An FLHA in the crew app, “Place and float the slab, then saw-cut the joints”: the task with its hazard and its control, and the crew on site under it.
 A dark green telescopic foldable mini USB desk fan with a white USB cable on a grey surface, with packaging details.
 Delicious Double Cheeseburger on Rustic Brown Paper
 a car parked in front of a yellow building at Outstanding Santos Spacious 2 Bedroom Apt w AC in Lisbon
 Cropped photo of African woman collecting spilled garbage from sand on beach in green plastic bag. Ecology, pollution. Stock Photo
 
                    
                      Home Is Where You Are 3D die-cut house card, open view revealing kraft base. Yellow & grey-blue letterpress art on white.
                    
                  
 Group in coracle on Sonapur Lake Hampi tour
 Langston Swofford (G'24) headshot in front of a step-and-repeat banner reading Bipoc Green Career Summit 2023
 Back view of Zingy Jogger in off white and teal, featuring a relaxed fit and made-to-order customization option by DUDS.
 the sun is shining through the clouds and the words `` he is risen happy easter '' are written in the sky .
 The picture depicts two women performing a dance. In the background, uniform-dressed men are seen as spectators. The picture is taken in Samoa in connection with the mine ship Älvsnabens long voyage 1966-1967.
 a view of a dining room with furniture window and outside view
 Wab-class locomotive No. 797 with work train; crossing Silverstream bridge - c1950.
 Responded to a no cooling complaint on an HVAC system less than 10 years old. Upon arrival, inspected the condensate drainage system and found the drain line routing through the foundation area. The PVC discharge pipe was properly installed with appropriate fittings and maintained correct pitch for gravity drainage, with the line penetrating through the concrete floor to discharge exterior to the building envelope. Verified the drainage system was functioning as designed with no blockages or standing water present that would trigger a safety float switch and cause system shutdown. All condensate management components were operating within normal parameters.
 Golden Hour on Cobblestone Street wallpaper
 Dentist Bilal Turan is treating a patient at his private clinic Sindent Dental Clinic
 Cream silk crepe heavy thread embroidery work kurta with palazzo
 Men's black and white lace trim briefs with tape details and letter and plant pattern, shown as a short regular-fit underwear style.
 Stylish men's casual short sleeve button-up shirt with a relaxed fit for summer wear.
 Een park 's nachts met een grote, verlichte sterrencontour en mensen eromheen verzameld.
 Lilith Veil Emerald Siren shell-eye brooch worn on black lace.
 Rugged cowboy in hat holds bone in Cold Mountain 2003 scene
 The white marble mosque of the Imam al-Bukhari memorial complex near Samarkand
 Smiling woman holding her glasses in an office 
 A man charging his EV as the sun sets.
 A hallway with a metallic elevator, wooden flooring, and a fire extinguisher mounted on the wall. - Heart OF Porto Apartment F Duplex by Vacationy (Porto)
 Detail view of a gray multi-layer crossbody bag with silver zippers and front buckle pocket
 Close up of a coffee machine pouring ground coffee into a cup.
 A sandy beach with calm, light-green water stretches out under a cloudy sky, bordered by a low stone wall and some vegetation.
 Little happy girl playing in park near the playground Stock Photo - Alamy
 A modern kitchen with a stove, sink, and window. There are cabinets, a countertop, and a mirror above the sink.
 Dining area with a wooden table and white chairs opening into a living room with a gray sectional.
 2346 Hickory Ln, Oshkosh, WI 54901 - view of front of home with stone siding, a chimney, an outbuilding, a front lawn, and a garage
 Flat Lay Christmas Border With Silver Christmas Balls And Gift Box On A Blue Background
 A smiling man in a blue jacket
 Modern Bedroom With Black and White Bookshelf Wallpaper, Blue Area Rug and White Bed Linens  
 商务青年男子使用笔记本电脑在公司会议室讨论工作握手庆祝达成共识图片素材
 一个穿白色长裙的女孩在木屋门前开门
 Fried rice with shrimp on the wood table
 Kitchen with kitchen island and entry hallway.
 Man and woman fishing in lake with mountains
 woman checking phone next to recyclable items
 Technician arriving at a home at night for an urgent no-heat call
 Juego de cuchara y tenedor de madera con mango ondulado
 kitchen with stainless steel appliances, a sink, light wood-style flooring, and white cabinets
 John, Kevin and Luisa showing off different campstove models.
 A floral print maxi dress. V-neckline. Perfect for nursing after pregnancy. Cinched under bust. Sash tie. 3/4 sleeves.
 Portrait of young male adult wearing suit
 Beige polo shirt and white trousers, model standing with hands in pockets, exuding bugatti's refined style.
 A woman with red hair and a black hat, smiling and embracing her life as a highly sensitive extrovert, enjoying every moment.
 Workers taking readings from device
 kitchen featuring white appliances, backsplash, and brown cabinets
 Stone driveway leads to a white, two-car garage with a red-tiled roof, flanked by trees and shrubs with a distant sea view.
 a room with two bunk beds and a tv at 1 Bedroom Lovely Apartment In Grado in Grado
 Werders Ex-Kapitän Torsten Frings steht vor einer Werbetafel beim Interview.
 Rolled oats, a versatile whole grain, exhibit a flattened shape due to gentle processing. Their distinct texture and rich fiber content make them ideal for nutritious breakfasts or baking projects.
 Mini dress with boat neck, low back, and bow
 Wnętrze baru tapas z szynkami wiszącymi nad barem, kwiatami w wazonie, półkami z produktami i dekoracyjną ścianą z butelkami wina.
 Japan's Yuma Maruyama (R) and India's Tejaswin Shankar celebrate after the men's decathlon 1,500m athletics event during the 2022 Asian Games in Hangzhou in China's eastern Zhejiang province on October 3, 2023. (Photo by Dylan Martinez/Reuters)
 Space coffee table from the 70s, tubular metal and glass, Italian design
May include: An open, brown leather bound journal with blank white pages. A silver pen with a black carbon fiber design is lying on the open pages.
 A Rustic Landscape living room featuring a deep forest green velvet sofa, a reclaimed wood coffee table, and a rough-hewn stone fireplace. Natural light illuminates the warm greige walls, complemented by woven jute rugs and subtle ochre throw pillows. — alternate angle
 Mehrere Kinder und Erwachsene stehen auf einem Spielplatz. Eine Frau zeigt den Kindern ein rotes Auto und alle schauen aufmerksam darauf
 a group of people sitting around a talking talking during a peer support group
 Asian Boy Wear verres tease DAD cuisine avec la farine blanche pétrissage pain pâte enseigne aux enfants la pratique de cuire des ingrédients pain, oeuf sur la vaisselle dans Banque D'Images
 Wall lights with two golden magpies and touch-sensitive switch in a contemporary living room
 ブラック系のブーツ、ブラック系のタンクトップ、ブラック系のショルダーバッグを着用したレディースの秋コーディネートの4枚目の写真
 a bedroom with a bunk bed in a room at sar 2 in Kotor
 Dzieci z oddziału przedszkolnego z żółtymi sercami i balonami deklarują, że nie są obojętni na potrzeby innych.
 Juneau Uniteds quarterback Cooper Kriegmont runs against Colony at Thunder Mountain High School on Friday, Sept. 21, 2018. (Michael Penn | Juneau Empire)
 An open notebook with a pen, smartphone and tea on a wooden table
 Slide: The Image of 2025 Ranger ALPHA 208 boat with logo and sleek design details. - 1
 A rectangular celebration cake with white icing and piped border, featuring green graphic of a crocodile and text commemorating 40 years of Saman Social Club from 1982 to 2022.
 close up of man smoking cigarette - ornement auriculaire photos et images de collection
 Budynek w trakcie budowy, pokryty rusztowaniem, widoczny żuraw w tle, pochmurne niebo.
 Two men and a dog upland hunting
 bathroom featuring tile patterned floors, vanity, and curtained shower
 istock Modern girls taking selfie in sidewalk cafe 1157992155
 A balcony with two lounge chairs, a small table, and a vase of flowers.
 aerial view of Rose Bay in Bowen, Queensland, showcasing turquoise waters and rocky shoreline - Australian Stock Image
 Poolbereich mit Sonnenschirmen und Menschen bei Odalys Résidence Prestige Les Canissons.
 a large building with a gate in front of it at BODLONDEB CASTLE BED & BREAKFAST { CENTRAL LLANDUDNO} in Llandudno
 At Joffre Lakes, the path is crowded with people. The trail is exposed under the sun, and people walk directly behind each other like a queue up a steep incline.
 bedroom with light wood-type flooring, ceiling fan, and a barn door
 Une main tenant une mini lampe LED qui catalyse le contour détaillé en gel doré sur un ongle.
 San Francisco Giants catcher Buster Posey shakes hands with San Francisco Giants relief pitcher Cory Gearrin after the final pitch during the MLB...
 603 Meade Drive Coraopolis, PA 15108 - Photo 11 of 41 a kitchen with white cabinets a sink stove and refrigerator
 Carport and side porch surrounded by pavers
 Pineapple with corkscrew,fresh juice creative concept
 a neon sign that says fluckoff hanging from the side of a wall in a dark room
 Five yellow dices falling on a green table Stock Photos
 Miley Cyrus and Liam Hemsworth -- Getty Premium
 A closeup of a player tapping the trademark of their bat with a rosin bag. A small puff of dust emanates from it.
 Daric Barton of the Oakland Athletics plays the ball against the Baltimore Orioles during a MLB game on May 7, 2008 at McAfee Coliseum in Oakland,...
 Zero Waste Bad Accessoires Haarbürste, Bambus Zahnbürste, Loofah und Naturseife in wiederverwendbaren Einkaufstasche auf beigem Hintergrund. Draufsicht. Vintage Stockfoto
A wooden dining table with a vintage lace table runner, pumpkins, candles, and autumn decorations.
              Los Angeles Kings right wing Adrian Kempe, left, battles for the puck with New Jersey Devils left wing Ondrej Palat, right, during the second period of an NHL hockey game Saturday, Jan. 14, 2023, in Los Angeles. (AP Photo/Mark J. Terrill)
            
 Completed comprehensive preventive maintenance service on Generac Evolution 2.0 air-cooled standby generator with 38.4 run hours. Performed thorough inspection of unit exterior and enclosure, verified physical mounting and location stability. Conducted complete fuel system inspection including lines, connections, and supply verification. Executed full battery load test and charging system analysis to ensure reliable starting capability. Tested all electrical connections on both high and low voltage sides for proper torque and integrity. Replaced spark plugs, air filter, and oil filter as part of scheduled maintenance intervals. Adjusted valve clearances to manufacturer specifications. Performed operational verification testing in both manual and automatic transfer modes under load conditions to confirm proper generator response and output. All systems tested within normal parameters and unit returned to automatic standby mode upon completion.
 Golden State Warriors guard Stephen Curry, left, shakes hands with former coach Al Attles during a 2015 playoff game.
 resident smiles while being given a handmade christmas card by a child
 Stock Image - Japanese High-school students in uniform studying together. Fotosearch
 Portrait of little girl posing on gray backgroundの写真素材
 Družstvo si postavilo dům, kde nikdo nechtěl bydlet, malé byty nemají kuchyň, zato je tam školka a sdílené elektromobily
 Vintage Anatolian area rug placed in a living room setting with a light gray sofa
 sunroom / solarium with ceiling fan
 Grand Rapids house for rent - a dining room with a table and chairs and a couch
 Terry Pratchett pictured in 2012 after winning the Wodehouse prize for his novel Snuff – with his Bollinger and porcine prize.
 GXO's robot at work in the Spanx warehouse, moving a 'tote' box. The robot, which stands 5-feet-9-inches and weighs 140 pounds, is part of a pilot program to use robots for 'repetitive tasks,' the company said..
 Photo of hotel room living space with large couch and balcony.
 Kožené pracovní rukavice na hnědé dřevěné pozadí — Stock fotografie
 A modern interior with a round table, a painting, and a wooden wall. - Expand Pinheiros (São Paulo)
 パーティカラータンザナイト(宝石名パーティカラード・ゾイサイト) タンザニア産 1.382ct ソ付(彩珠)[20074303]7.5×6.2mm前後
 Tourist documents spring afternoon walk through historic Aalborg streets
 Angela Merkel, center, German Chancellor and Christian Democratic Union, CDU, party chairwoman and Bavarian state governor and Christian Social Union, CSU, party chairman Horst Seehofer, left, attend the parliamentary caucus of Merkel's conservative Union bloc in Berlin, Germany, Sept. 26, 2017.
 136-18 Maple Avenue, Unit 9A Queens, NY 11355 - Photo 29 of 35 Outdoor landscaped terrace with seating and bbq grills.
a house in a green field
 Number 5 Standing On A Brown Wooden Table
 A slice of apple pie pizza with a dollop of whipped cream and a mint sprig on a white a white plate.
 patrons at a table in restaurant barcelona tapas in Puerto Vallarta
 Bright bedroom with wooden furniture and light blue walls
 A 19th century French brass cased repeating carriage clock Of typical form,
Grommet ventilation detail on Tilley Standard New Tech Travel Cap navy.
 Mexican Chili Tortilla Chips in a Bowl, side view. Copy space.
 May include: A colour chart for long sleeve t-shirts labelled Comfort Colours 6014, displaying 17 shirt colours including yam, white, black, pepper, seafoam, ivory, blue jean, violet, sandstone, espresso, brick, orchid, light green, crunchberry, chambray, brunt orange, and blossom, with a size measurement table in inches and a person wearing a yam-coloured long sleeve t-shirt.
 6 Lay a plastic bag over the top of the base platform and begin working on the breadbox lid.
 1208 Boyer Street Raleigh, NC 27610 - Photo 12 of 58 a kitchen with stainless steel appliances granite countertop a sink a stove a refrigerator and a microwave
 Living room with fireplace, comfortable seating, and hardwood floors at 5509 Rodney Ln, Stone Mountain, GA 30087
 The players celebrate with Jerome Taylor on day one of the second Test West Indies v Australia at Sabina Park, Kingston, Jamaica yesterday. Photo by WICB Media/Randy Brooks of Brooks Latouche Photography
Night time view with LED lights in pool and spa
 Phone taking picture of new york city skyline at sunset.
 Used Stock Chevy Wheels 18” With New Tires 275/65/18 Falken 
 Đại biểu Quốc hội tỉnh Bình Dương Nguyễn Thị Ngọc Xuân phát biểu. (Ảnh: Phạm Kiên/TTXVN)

** Problem statement **
Your answer should be the lines above, from the line containing "John, Kevin and" up to and including the line containing "Beige polo shirt", reproduced exactly and with nothing else.

** Solved problem **
 John, Kevin and Luisa showing off different campstove models.
 A floral print maxi dress. V-neckline. Perfect for nursing after pregnancy. Cinched under bust. Sash tie. 3/4 sleeves.
 Portrait of young male adult wearing suit
 Beige polo shirt and white trousers, model standing with hands in pockets, exuding bugatti's refined style.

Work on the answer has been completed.